Beautiful! Great result. :thumbup:


----------



## PilotWatchLover (Sep 23, 2012)

Amazing! How DO they redo the dials like that?!


----------



## ryanm8655 (Jul 6, 2013)

That looks awesome, how much did the restoration cost roughly if you don't mind me asking?


----------



## marley (Dec 22, 2012)

That looks simply amazing! You must be well pleased to get it back to that condition!


----------



## Delroyb (Jul 17, 2013)

That is one heck of a transformation, nice one!


----------



## clockworkorange (Jan 9, 2012)

very nice indeed ,i would love to see them refurb the dial .


----------



## andyclient (Aug 1, 2009)

WOW absolutely stunning , you must be over the moon , and with such sentimental value to. Brilliant


----------



## lewjamben (Dec 4, 2007)

That looks fantastic. A new lease of life!

Enjoy.


----------



## Steve R (Sep 29, 2007)

That's extraordinary! Amazing job, very pleased for you. I have a watch branded Helvetia which belonged to my late grandfather and has a dial that looks spookily similar to yours both in terms of style (same small seconds, same markers etc.) and condition (the 'before' shots, sadly!). I've often thought about having the dial restored but always decided against as generally I find dial restorations to be very disappointing. If I could guarantee the same result as you have there I'd get it done tomorrow! Congrats


----------



## martinus_scriblerus (Sep 29, 2008)

That's a lovely watch and a good story.
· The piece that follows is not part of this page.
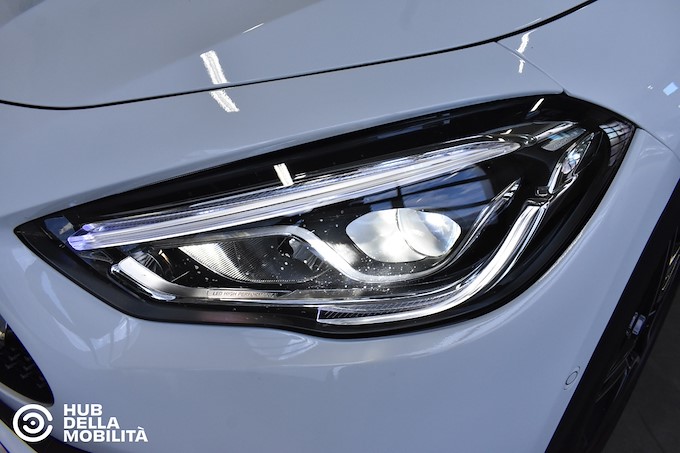 MERCEDES-BENZ GLA 250 e hybrid EQ Premium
Don't let any of the "bigger is better" crowd rib you about the size.

Love 1950's Longines watches. I've had quite a number over the years. I don't have this watch anymore, but it is one of the more over the top designed from that era. Great movements in them. Very robust.


----------



## Lampoc (Oct 31, 2010)

Steve R said:


> That's extraordinary! Amazing job, very pleased for you. I have a watch branded Helvetia which belonged to my late grandfather and has a dial that looks spookily similar to yours both in terms of style (same small seconds, same markers etc.) and condition (the 'before' shots, sadly!). I've often thought about having the dial restored but always decided against as generally I find dial restorations to be very disappointing. If I could guarantee the same result as you have there I'd get it done tomorrow! Congrats


Steve, I sent my watch to this particular guy after seeing his work restoring a vintage Omega on another forum. Here's before and after pics:



















The work carried out on mine actually looks far better than my rubbish photos show it to be - there's no marks etc on the batons. It basically looks brand new. If you want more details, send me a pm.


----------



## lenny2007 (Aug 5, 2013)

Can you message me his details please, I would love to see him tidy up my Tudor! He has done a fantastic job of yours, looks brilliant!


----------



## sharpie87 (Aug 5, 2013)

Excellent work


----------



## antony (Dec 28, 2007)

Nice job, I'm just restoring a 1937 longines at the moment, I will try to get the pictures posted so that every one can see the watch restored as I go along.

Not posted any pictures yet on ths site , it might take a while.

Tony..


----------



## Ryan P (Sep 20, 2011)

That's quite a stunning restoration, you must be well pleased.

Cheers

R


----------